In light of the findings of the analysis of core samples, the accuracy of the quantitative parameter calculations (Cp - porosity coefficient and Cs - oil saturation coefficient) was checked.

Complex acoustic, neutron, and density calculations were used to determine the porosity coefficient in terrigenous deposits [8].

The porosity Cp can be estimated by the acoustic technique:

$C_p=\frac{\Delta T_f-\Delta T_r}{\Delta T_l-\Delta T_r}-C_c \frac{\Delta T_c-\Delta T_r}{\Delta T_l-\Delta T_r}$
(1)

where, ΔTf is interval time of the elastic wave running in the formation; ΔTr = 174 ms/m is interval time of the wave running through the rock (sandstone); ΔTl = 590 ms/m is the interval time of an elastic wave running in a liquid; ΔTc is the interval time of an elastic wave running in clays; Cc is the volume content of clay in the reservoir layer.

The porosity can also be estimated by the neutron method:

$C_p=W-C_c \cdot W_c$
(2)

where, W is the total water content; Cc is the volume content of clay in the reservoir layer; Wc = 0.30 is the volume content of bound water in clay.

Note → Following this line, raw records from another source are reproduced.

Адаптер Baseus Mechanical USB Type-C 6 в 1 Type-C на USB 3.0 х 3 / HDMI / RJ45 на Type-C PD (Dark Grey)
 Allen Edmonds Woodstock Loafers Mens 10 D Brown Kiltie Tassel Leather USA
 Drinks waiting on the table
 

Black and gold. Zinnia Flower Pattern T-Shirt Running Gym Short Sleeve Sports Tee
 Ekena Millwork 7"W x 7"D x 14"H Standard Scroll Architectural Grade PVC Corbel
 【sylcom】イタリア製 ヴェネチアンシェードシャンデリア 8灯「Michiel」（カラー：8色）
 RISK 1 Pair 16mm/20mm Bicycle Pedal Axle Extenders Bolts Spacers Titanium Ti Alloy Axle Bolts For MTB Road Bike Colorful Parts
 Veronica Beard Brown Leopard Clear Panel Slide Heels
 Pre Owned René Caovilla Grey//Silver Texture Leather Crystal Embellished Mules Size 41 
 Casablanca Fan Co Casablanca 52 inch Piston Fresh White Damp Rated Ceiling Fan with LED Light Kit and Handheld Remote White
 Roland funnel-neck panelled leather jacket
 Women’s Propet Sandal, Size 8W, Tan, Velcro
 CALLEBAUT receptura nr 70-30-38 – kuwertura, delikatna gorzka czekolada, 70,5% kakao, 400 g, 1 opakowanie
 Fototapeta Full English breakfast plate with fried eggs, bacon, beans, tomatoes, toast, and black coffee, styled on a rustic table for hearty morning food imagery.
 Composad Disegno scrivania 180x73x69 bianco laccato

The porosity can additionally be estimated by the density method:

$C_p=\frac{\sigma_s-\sigma_f}{\sigma_s-\sigma_w}$
(3)

where, σs = 2.66 g/cm3 is the skeletal density of sandstone; σf is the volume density of the counter-interpreted formation; σw =1 g/cm3 is the density of reservoir water. The porosity values according to GIS vary in the range of 10-18%.

The oil saturation coefficient Cp can be determined by:

$C_S=1-C_W$
(4)

where, Cw is the water saturation coefficient:

$C_w=\left(\frac{1}{P_s}\right)^n$
(5)

where, Ps is the saturation parameter:

$P_s=\frac{\rho_p}{\rho_w}$
(6)

where, ρp is the electrical resistivity of the reservoir obtained by lateral and induction logging; ρw is the electrical resistivity of the aquifer, i.e., the empirical reservoir in the case of 100% saturation with water.

3. Results

To identify perspective objects in the software Petrel, conceptual models were built for all deposits identified within the group of deposits. The structural maps from the corresponding reflecting seismic horizons served as the basis for the models. On this basis, structural maps for the top and bottom of each of the productive horizons—T3, T2A, and T2B—productive within particular fields were made and linked with well data (Figure 2).

The location of the defined oil-water limits and the results of the tests were taken into consideration while building the reservoir models [9]. The geometrization of each deposit was finished based on these data and taking into account the location of the identified and potential tectonic faults. The position of the producing horizon's cap, base, and, most importantly, oil-water sections, were the structural factors that served as the foundation for reservoir models. In every instance, the established facts of oil saturation up to a certain level were considered to be the most crucial information. Additionally, the boundaries of the reservoir were established while taking into account the presence of a closed contour or, if the closed contour extended too far, shielding by tectonic faults.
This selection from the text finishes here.